Data for review below:
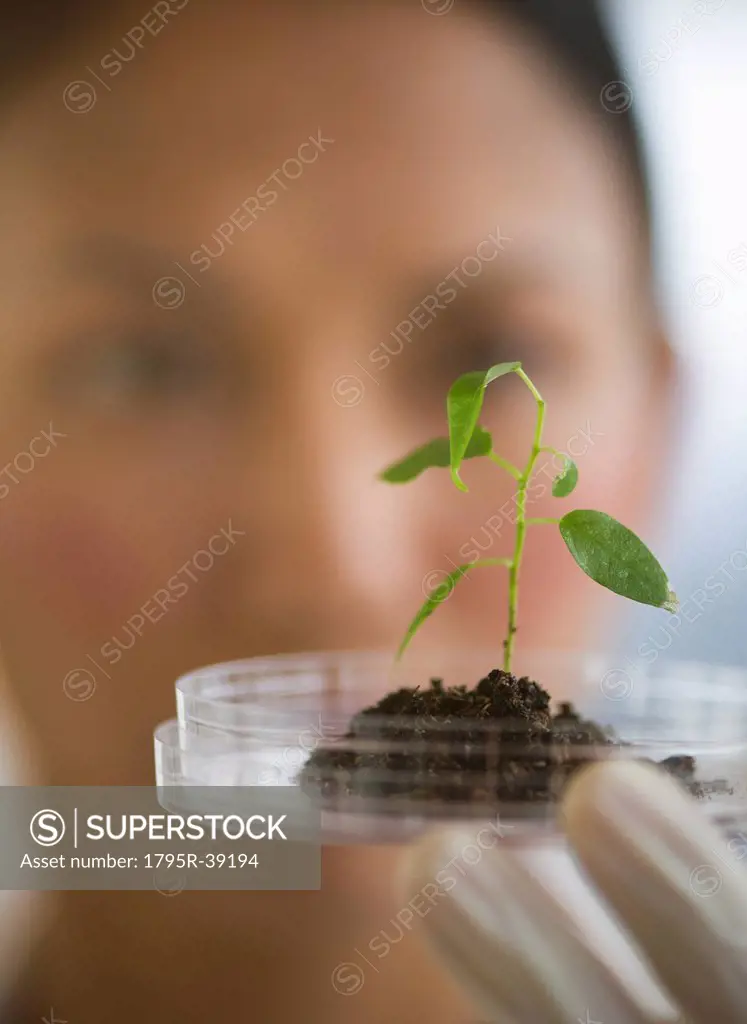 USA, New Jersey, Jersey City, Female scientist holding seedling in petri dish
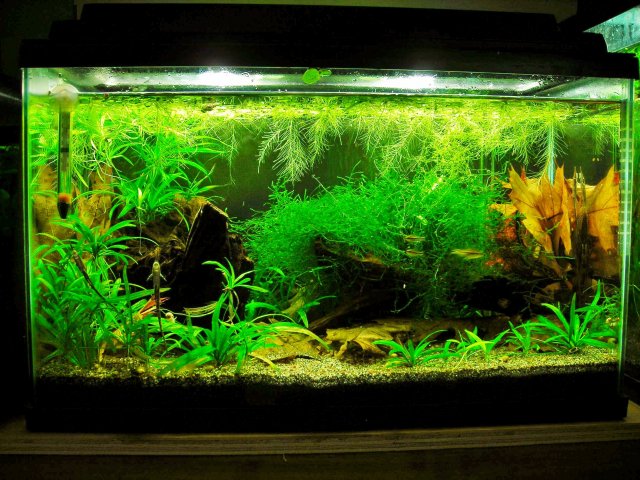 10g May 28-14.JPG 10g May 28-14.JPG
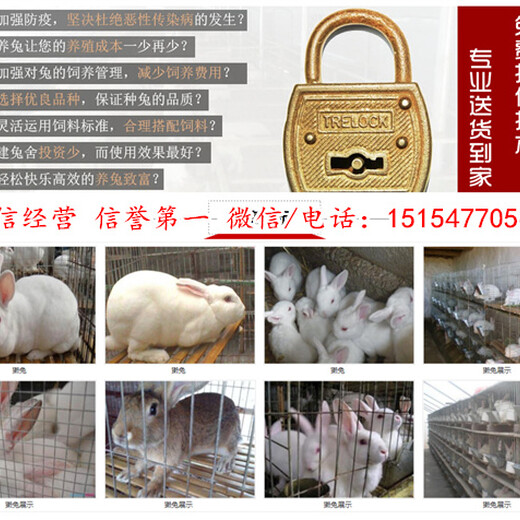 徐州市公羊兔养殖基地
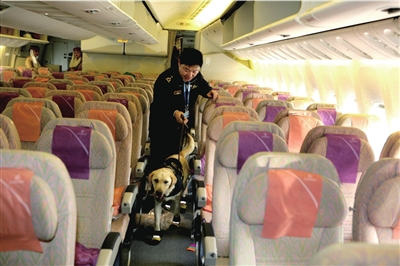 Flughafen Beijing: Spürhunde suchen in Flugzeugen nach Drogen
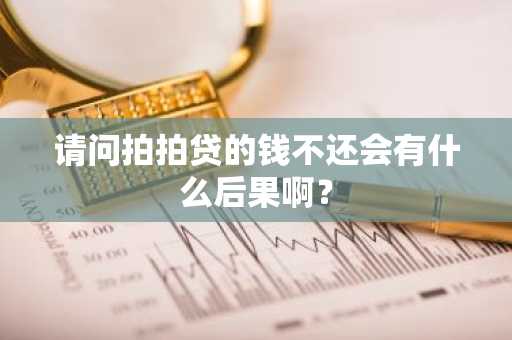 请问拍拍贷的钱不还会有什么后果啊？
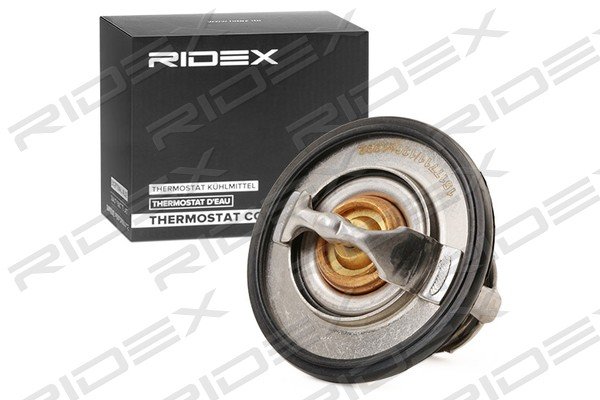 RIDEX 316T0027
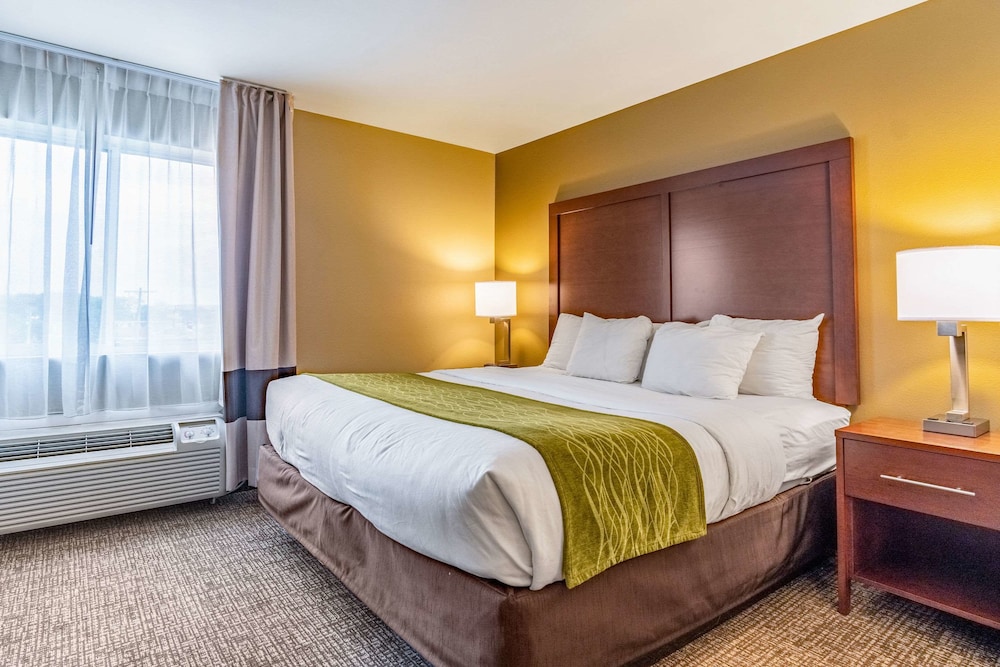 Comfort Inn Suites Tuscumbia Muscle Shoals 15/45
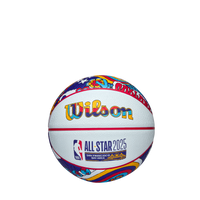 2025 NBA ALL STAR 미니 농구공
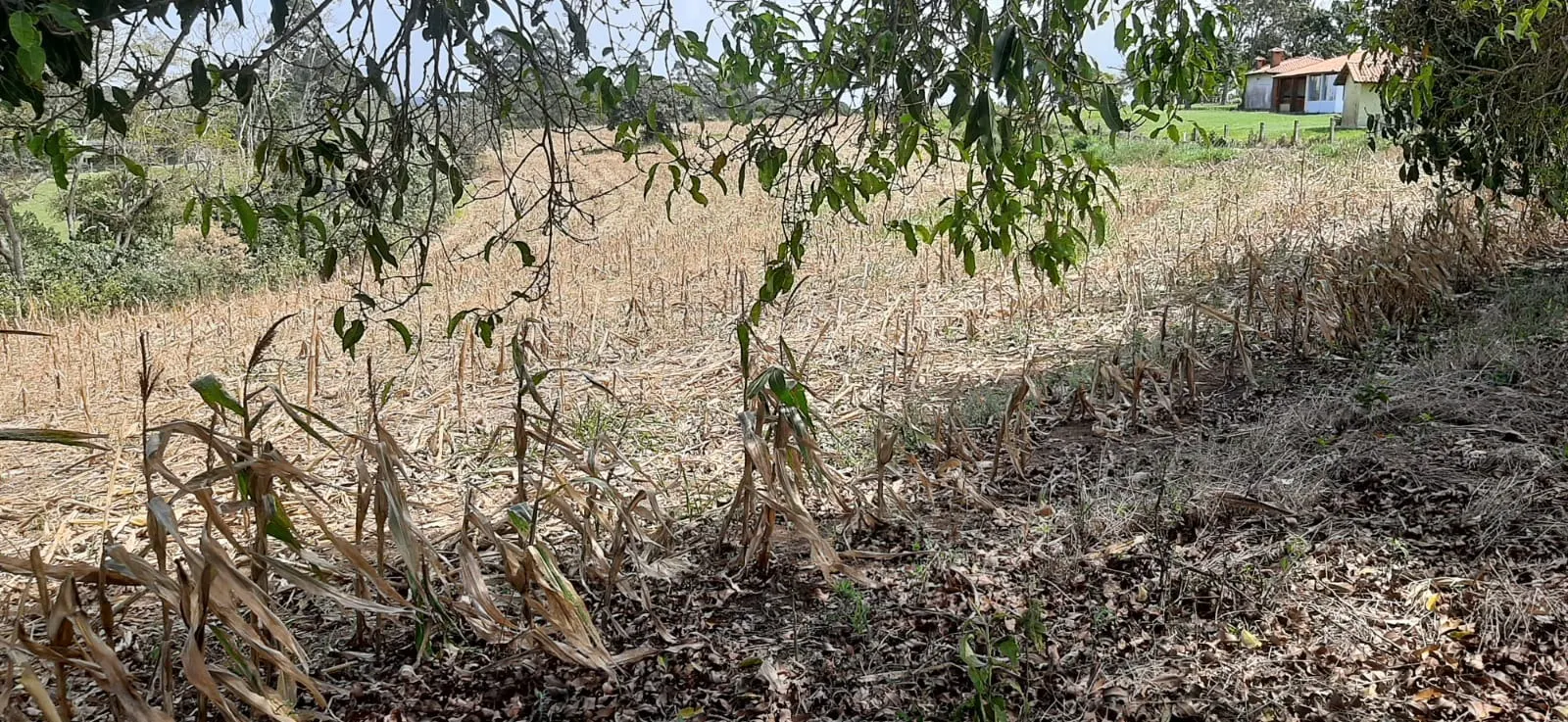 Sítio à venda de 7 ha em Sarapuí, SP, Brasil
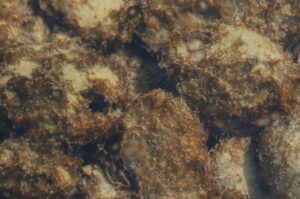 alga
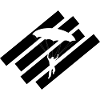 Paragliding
End of Data for review.
Required action » Copy exactly the lines that begin at the one containing "Sítio à venda de 7 ha em Sarapuí, SP, Brasil" and end at the last line of the records, both included, omitting the pictures.

Output of the task »
 Sítio à venda de 7 ha em Sarapuí, SP, Brasil
 alga
 Paragliding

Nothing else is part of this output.